I’m going to guess that there’s quite a backstory to the production of the film …. well, I’m really not even sure what to call the film.

The version that I just watched on Tubi was called 69 parts and it clocked in at a little over 90 minutes.  It’s the story of gangsters, cops, and one hapless law student in 1979 New York.  Jack (Ryan O’Callaghan) needs money to go to law school.  His best friend, gambling addict Gino (Johnny Solo), arranges for Jack to get a loan from his uncle, Dennis (Aidan Redmond).  However, Gino swears that he can double the loan if Jack goes with him to the tracks.  Unfortunately, Gino’s hot tip turns out to be a bust so now Jack is broke and can’t pay back the money.  So, Dennis forced Jack to marry Dennis’s mistress so that she can get her green card but then Dennis gets jealous and decides to kill Jack but then he discovers that Jack is the son of an imprisoned criminal associate (Eric Roberts).  It’s all a bit too complicated for its own good and the use of multiple narrators, many of whom sound exactly alike, doesn’t make the film any easier to follow.

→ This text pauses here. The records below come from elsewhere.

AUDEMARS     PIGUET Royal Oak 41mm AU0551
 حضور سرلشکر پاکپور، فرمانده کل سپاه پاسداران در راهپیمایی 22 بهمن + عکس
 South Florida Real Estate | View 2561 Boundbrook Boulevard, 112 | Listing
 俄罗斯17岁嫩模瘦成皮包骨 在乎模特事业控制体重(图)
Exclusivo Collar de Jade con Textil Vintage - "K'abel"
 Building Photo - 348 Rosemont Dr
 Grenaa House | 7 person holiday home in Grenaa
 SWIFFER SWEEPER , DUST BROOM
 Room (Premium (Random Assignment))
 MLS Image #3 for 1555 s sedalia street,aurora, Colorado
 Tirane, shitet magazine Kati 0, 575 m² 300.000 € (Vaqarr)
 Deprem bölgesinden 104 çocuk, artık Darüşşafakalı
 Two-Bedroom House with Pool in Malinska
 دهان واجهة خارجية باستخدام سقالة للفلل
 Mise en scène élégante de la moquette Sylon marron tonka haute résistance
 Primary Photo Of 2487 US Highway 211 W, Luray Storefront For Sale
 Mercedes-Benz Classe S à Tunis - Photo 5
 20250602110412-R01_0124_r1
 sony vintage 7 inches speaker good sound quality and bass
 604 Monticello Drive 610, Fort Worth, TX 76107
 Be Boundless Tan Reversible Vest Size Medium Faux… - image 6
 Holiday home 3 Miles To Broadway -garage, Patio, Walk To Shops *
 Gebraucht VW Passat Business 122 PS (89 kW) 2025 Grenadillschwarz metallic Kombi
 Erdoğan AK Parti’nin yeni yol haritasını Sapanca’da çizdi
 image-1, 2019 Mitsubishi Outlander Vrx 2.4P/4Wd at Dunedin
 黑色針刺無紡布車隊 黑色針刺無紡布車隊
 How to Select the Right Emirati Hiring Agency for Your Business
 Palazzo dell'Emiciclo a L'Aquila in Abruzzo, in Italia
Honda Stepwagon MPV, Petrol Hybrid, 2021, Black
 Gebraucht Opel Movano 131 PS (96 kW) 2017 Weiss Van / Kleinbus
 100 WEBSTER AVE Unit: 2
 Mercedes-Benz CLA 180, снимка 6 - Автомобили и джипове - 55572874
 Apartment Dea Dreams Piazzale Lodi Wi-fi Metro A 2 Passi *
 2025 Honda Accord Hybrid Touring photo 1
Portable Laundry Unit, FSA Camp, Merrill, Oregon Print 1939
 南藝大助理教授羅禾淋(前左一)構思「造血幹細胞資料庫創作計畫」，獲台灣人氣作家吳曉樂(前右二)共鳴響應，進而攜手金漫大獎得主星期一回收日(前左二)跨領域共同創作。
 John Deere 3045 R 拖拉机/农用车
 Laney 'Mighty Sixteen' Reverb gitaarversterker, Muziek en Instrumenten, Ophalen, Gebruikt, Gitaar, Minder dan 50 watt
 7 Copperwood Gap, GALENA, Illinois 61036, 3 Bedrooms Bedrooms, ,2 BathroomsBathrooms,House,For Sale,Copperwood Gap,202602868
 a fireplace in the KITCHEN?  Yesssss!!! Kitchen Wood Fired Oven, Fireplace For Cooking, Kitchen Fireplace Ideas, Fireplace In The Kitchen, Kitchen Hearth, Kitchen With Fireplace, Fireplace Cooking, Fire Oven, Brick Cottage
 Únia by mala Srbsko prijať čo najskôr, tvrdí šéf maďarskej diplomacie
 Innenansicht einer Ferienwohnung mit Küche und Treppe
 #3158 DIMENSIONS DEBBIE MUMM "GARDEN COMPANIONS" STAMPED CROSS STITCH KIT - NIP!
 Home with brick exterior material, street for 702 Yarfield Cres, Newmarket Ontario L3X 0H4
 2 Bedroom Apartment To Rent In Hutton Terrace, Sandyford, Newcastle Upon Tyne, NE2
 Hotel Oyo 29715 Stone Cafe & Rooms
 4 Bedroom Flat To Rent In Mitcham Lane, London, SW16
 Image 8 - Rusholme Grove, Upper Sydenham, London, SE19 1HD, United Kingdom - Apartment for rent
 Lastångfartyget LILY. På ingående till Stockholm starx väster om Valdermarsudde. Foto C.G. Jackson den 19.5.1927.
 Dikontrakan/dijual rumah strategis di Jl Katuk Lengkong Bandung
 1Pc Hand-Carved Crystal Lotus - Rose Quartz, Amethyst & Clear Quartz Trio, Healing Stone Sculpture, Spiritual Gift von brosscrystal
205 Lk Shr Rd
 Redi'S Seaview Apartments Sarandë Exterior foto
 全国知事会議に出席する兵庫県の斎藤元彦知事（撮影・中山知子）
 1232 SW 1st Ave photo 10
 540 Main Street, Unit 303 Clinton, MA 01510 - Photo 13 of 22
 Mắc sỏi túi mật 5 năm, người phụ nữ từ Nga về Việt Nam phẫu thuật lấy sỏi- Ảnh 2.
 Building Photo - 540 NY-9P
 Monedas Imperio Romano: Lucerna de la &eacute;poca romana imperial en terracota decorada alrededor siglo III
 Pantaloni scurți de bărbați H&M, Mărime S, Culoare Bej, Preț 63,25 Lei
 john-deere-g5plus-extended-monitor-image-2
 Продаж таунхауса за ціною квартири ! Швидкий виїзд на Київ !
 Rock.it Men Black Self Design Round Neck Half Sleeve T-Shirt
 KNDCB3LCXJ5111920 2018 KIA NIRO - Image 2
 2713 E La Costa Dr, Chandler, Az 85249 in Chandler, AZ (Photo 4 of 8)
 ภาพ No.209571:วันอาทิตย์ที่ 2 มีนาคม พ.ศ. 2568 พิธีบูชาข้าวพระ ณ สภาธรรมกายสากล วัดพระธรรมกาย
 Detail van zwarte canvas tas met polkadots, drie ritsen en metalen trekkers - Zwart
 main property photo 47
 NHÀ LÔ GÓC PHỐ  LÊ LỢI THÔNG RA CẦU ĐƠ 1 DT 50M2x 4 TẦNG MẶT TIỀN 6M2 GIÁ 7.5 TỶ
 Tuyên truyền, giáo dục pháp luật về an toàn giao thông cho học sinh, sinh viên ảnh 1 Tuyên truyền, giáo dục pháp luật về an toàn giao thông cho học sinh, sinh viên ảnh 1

Tubi claims that 69 Parts was released in 2022.  However, on the IMDb, there’s a film called 79 Parts, which is listed as being a few minutes shorter than 69 Parts but it has the exact same cast and the exact same plot.  This version was released in 2016, six years before 69 Parts.  And then there’s 79 Parts: The Directors Cut, which clocks in at over two hours and which was released in 2019.  In short, there appears to be multiple versions of this film and really, I have to be a little bit impressed by the determination necessary to keep re-editing, re-titling, and re-releasing the film.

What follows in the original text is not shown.